Alterian’s HQ is a warehouse on a non-descript industrial estate in the unremarkable LA suburb of Irwindale. But hidden behind its beige facade is a workshop filled with weird creations coming to life, and an office decorated with previous on-screen triumphs: a dog in a full-body plaster cast from There’s Something About Mary; John Travolta’s female fat-suit from Hairspray; the titular robot from the sci-fi dramedy Robot & Frank. One memento sadly missing is a 14-foot replica of David Hasselhoff that the firm made for The SpongeBob SquarePants Movie – now being used as the base of a glass-top table at the Hoff’s home.
Irving Zisman’s features were based in large part on Gardner’s grandfather, Fred. The face was made from silicone, paper-thin and translucent. The ears and the back of the head were latex. Then there was the wig, the eyebrows, the moustache, the dental veneers, and the liver-spotted backs of his hands. The team also made a wrinkled torso for Knoxville to wear in scenes where he removed his shirt, as well as some other anatomical items that it would be inappropriate to describe in the pages of a family newspaper.

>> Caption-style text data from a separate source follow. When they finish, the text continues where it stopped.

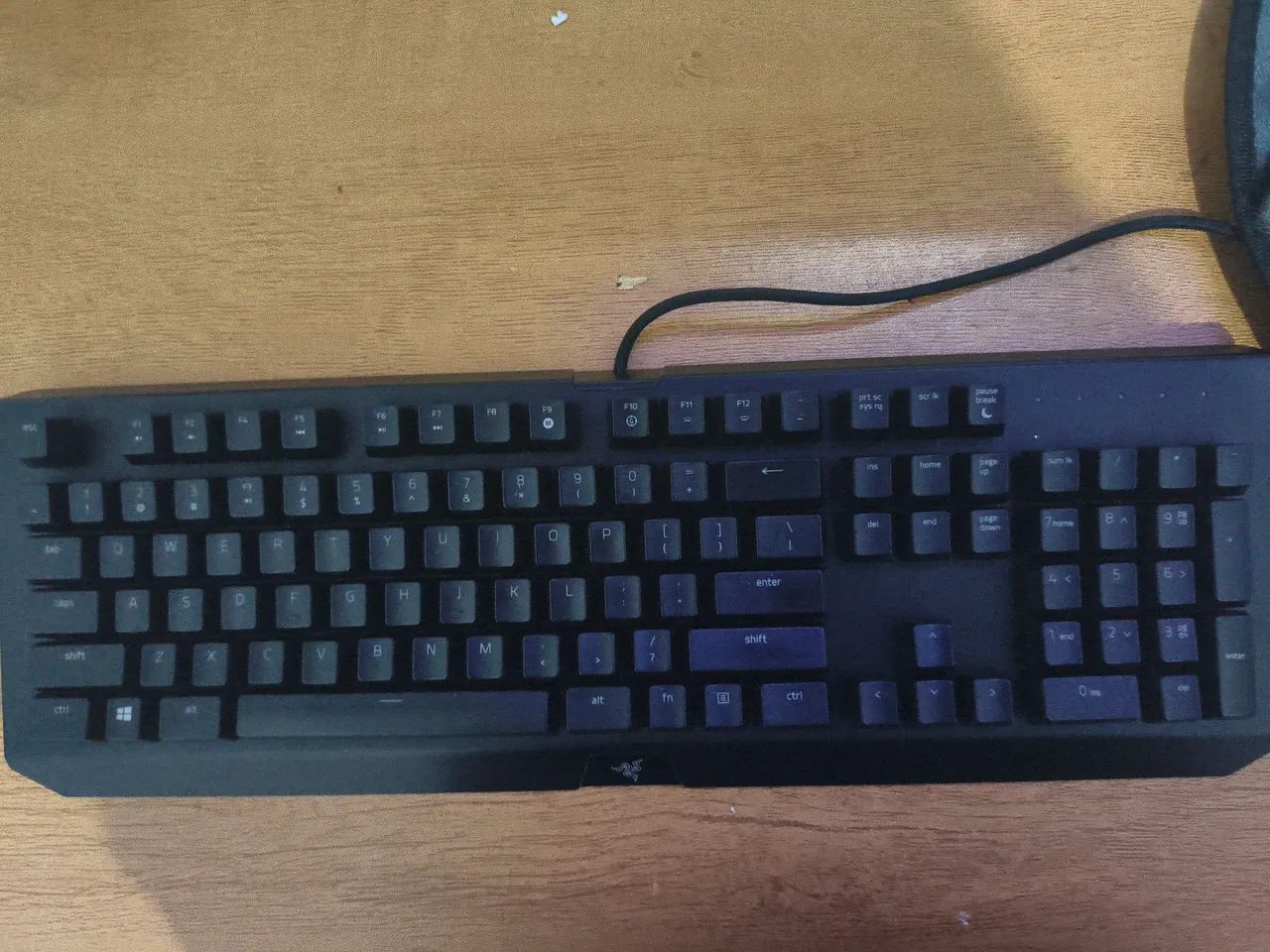 Teclado blackwidow x ultimate  - Foto 3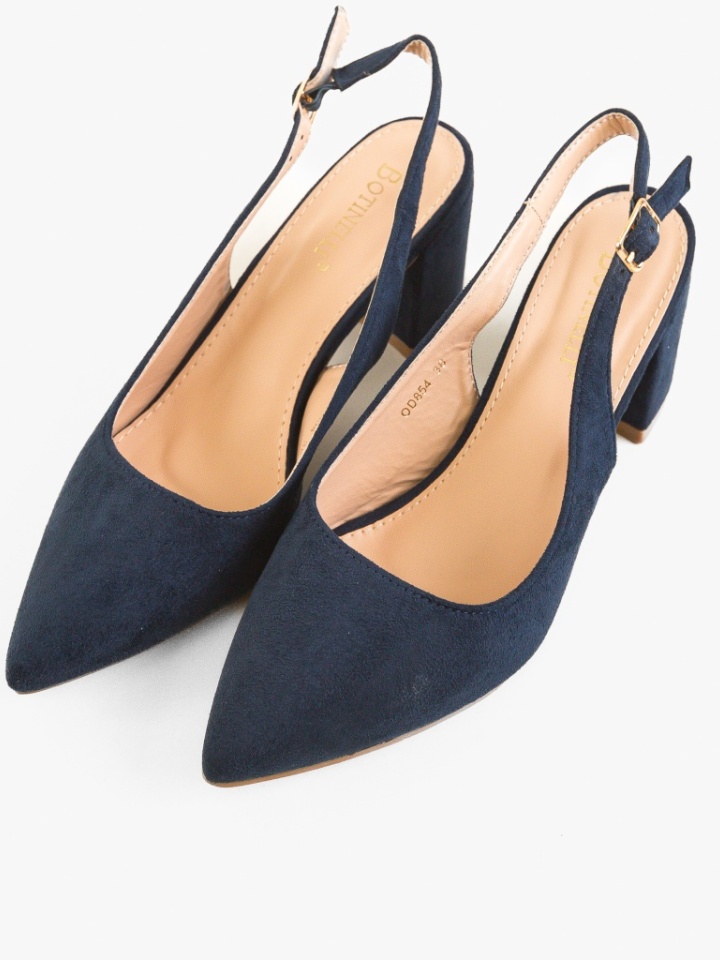 Scarpe da donna Blu navy Gally - Img 7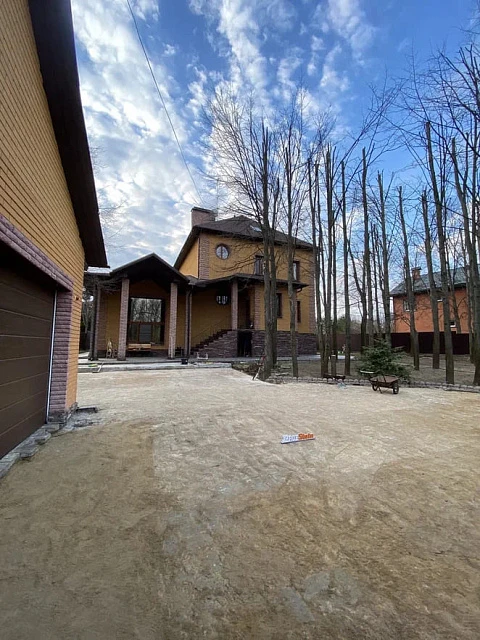 Укладка тротуарной плитки Бавария Арктика от 342мз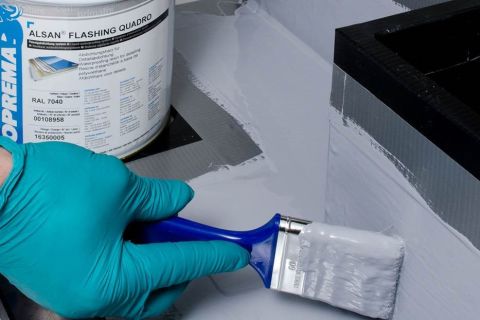 SOPR ALSAN FLASHING QUADRO 5KG/POT EUR/POT 00154244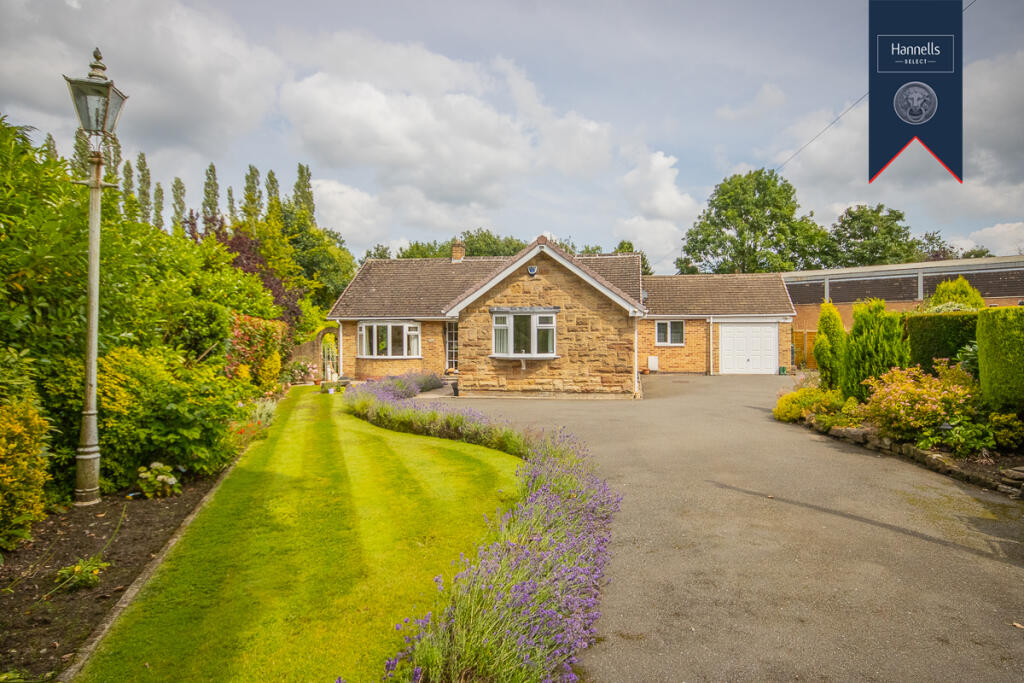 3 bedroom chalet for sale in Croft Lane, Breadsall, DE21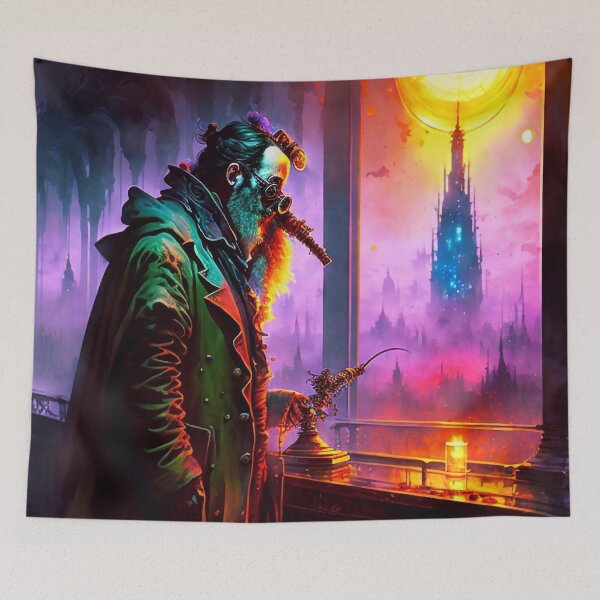Item preview, Mad scientist  designed and sold by M-Y-A-R-T-.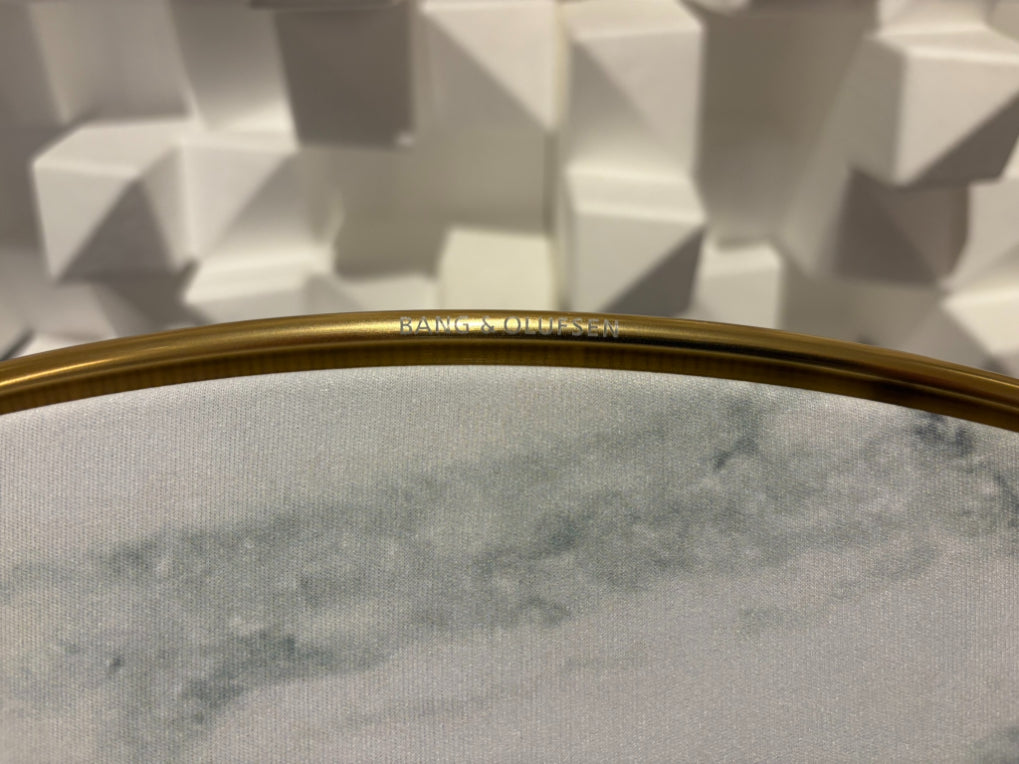 Bang & Olufsen BeoPlay A9 4th Gen, Custom Prada Cover - Consignment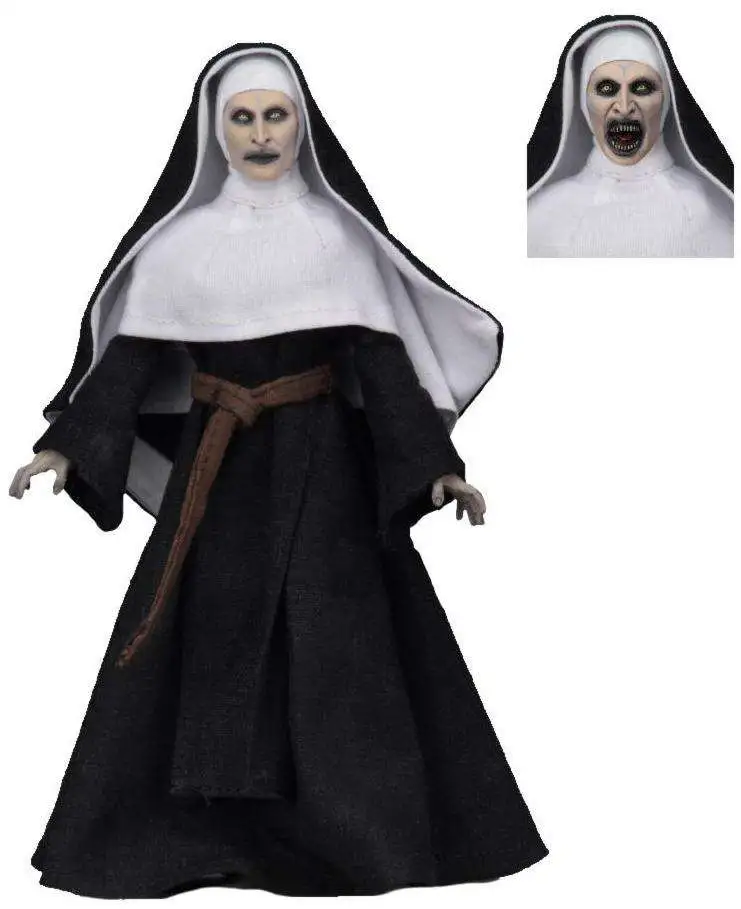 NECA The Conjuring The Nun Clothed Action Figure [Damaged Package]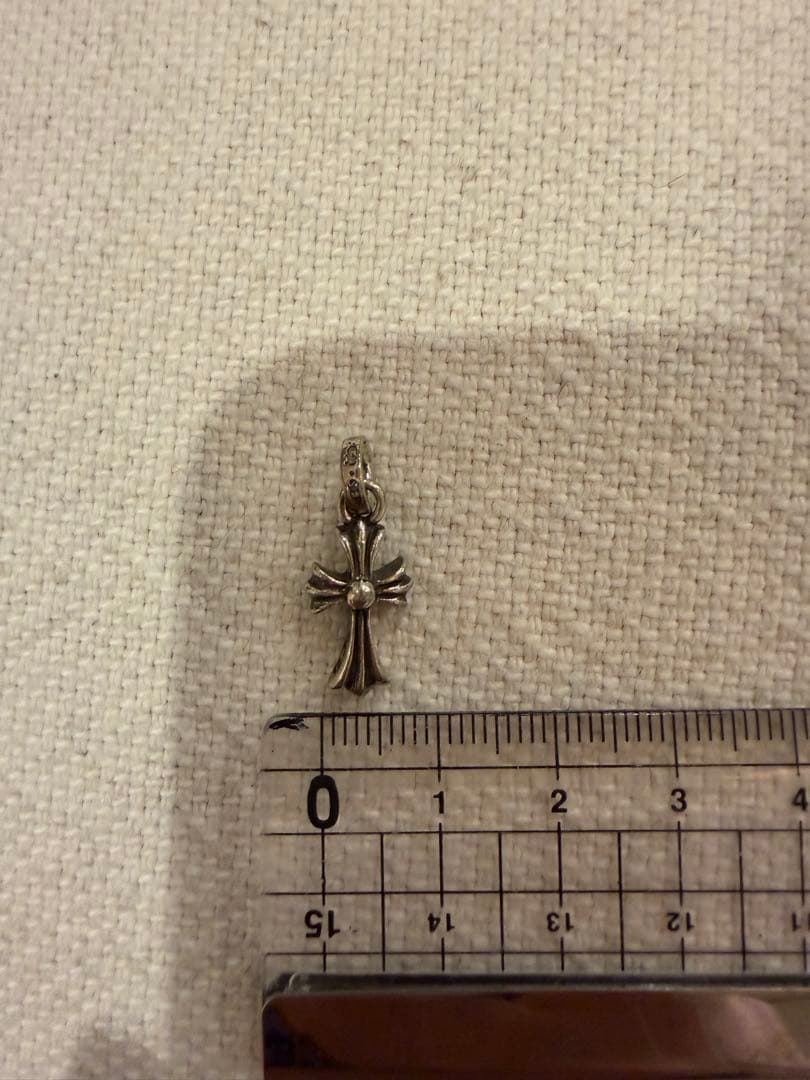 クロムハーツ Chrome Heartsベイビーファットチャームネックレストップ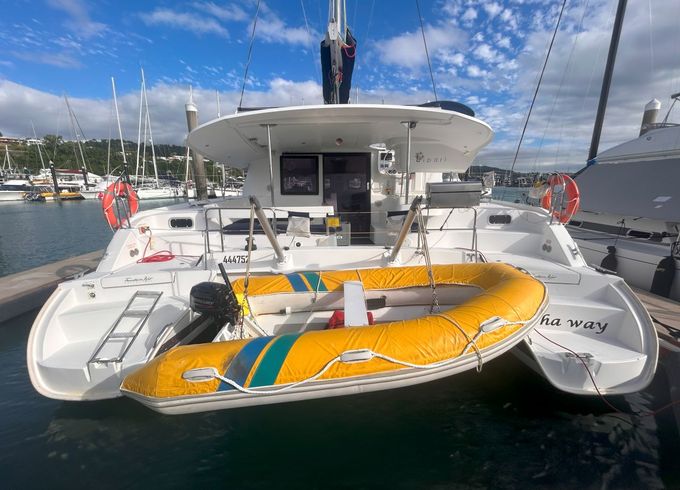 Fountaine Pajot Lipari 41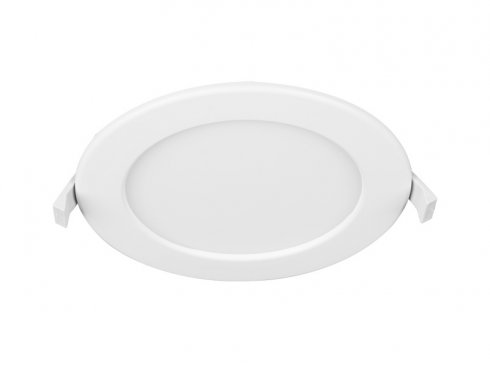 Kulaté podhledové LED svítidlo DOWNLIGHT CCT ROUND IP44 6W bílý-2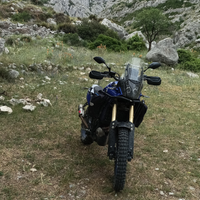 Yamaha teneré 700 2022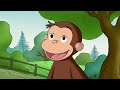 The Amazing Cuckoo Clock 🐵 Curious George 🐵 Kids Cartoon 🐵 Kids Movies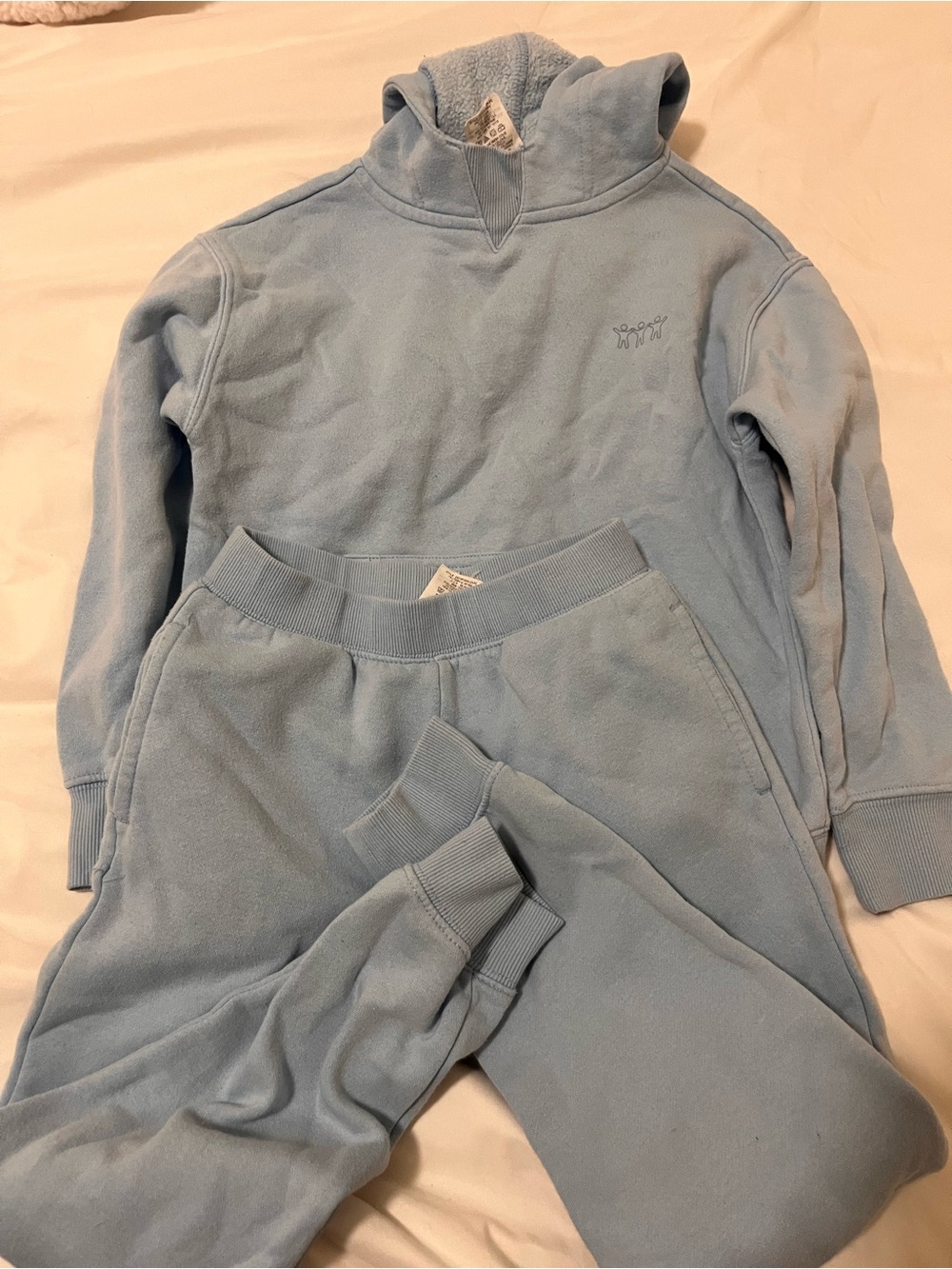 Girls sweatsuit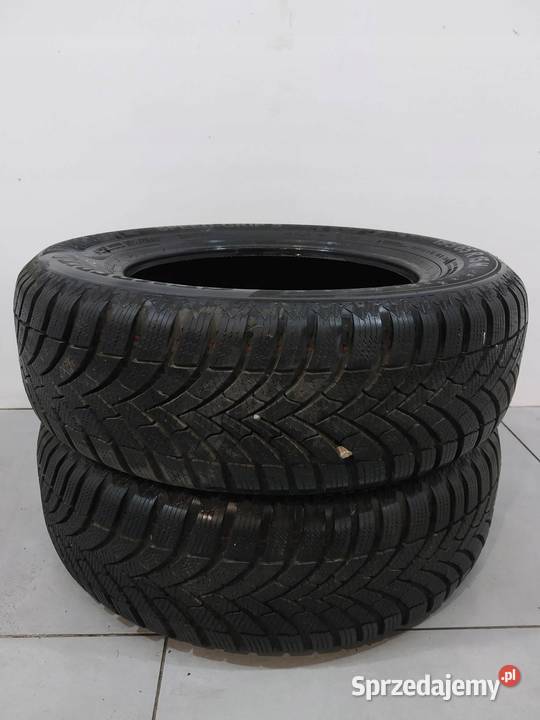 2x OPONA ZIMOWA SEMPERIT SPEEDGRIP 5 19565R15 15cale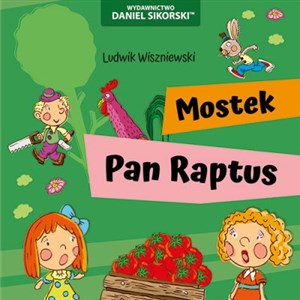 Obrazek Mostek Pan Raptus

Each make-up element had to be mass-produced so that Knoxville could be disguised anew for every day of the 60-day shoot.
Remarkably, his cover was rarely blown. “There was a scene when he went to a Jacuzzi and dropped a colostomy bag in the water,” Gardner explains. “The producer overheard a 10-year-old kid turning to his dad and saying, ‘Dad, that’s Johnny Knoxville.’ His dad didn’t believe him – he said: ‘Look at all the wrinkles on his stomach. It’s a real guy.’ It turned out the dad was a doctor!”
Gardner, who is 50, grew up in Ohio but moved to California in the 1980s to study film at USC. Ostensibly as part of his studies, he engineered a meeting with legendary special-effects man Rick Baker, who offered him a four-week job as a production runner. “Four weeks turned into four years,” Gardner says. He subsequently worked with Baker on projects as varied as the music video for Michael Jackson’s Thriller and Gorillas in the Mist, and established his own company while working on the cult horror The Return of the Living Dead in 1985.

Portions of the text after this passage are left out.